Today Saint-Germain-dès-Près is more known for its designer boutiques and tony oyster bars than for its poets and painters. Nonetheless, a hint of its creative past remains in the 50-some art galleries of the area. It also has the highest concentration of pastry shops per square meter: stock up on artisan-made chocolates at Arnaud Lahrer, macarons at Gérard Mulot, tarte tropézienne at La Tarte Tropézienne, and salted butter caramels at Henri Leroux, then stroll to the Jardin de Luxembourg and eat them in a garden chair by the fountain.
Belleville — Menilmontant
These east-Paris neighborhoods comprise one of the most vibrant and down-to-earth sections of the city. The wide and rowdy rue Oberkampf is known for its nightlife, but smaller streets harbor craft beer and alternative music bars like Les Trois 8 and La Féline, where locals congregate every day of the week. You can eat home-style French cuisine at one of the area’s many small bistros including Le Baratin and the Bistro Paul Bert, or head up Boulevard de Belleville, the northern branch of Chinatown, for cheap bo bun at Dong Huong. Save time for the Parc de Belleville’s view of Paris, then hit up the open air market on the boulevard if you’re around on a Tuesday or Thursday.
Le Quartier Latin
Stay away from rue de la Harpe’s tourist trap fondue pits and instead head south toward the winding streets of the fifth arrondissement and its mouth-watering collection of small bakeries, cheese shops, and wine stores like PhiloVino. For a break from the crowd, stop by the Grande Mosquée de Paris for a cup of mint tea and a honey-sweet pastry.
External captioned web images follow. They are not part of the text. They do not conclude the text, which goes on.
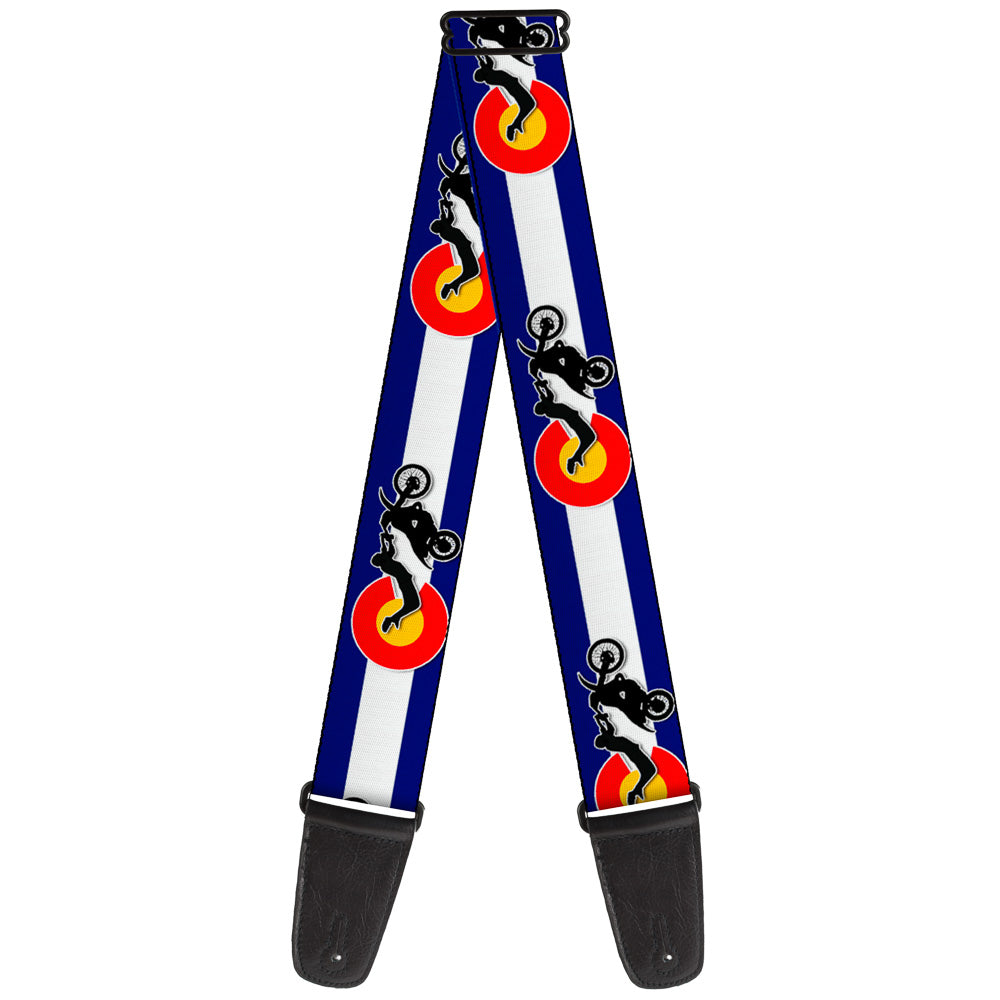 Guitar Strap - Colorado Freestyle Motocross Superman Guitar Straps Buckle-Down   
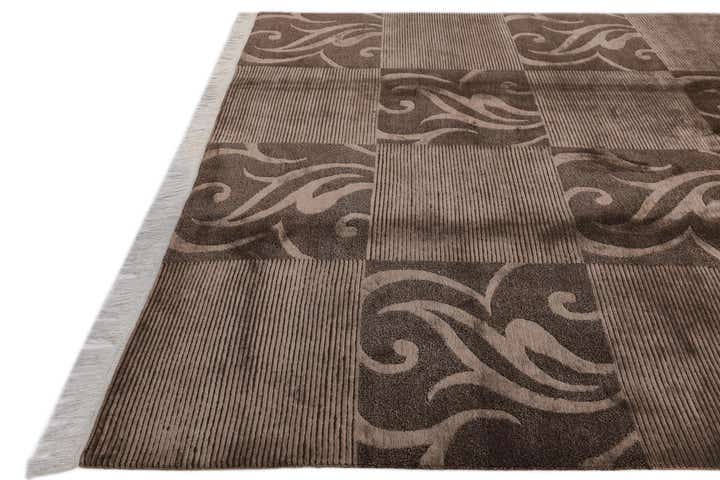 6' 8 x 10' Hand Knotted Darya Wool Rug
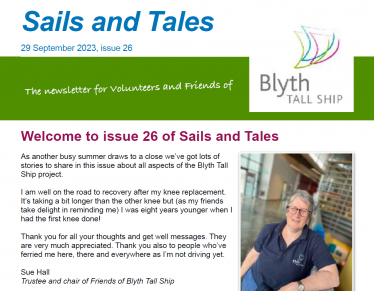 Blyth Tall Ship Newsletter - September 2023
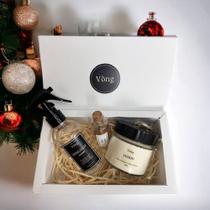 Kit Vela Aromática E Home Spray Lavanda/bamboo Presente Vòng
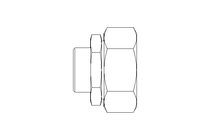 Reduzieranschluss L 42/28 St ISO8434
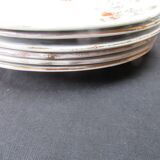 6 dessert plates st amand nord hamage - terre de fer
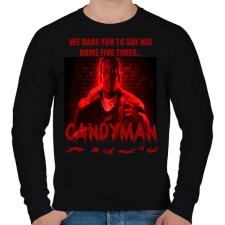 PRINTFASHION CANDYMAN-RED - Férfi pulóver - Fekete férfi pulóver, kardigán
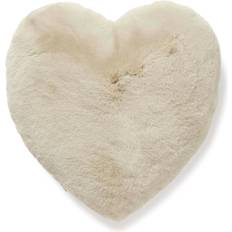Skinnwille Hjertepude Fluffy Komplet pyntepude Beige, Brun (45x45cm)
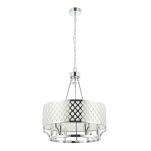 Lampa wisząca Verno Cromo Orlicki Design ażurowa kremowa - 2
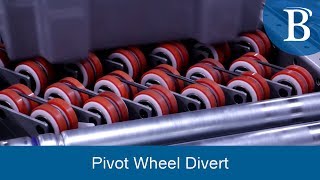 ZiPsort Pivot Wheel Divert | ZiPline Conveyor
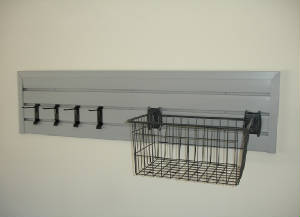 Coat Hooks with Big Basket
Canal Saint Martin — République
In summer, Parisians line the canal armed with picnics and bottles of pinard; in the winter, they squeeze into tiny canal-side wine bars and cafés that used to be factories and warehouses. Rue Lancry and rue des Vinaigriers are where you’ll find bread, cheese, craft coffee, and a bevy of eclectic little stores selling regional products. Try a rosewater croissant at Du Pain et Des Idées, stock up on aged brie and saucisson at La Cremerie, and caffeinate at Ten Belles or Radio Days. Cross one of the many bridges spanning the canal, then head for rue Alibert and rue Bichat for laidback dinner at Le Petit Cambodge or Les Enfants Perdus, or stroll through the garden at the Hôpital Saint Louis to Place Sainte Marthe for live music, flea markets and international grub. If the weather isn’t cooperating, duck into La Vache dans les Vignes for cheese and wine with a view of the canal or squeeze into the ever popular Chez Prune.
One of the last affordable neighborhoods in Paris, the 18th arrondissement is home to much-loved dive bars, old-school bistros, food coops, African and Indian food markets, Paris’s first craft brewery, and the city’s largest community garden. So go ahead and snap your photos of Sacre Coeur, but then go check out what’s on at the Halle Sainte Pierre museum or wander on over to the boisterous Goutte d’Or neighborhood. Spend some time walking around Lamarck and Jules Joffrin, where most people who say they live in Montmartre actually live — no one lives in those picturesque apartments on the hill with blue shutters and bougainvillea (they’re all AirBnB rentals). Grab a beer at Le Super Coin then dig into the best pizza in Paris at El Brigante (if you can get a seat). Or tuck into fresh areperas at Bululu, then walk them off on a stroll to Cuillier café for a third-wave cappuccino and giant madeleines.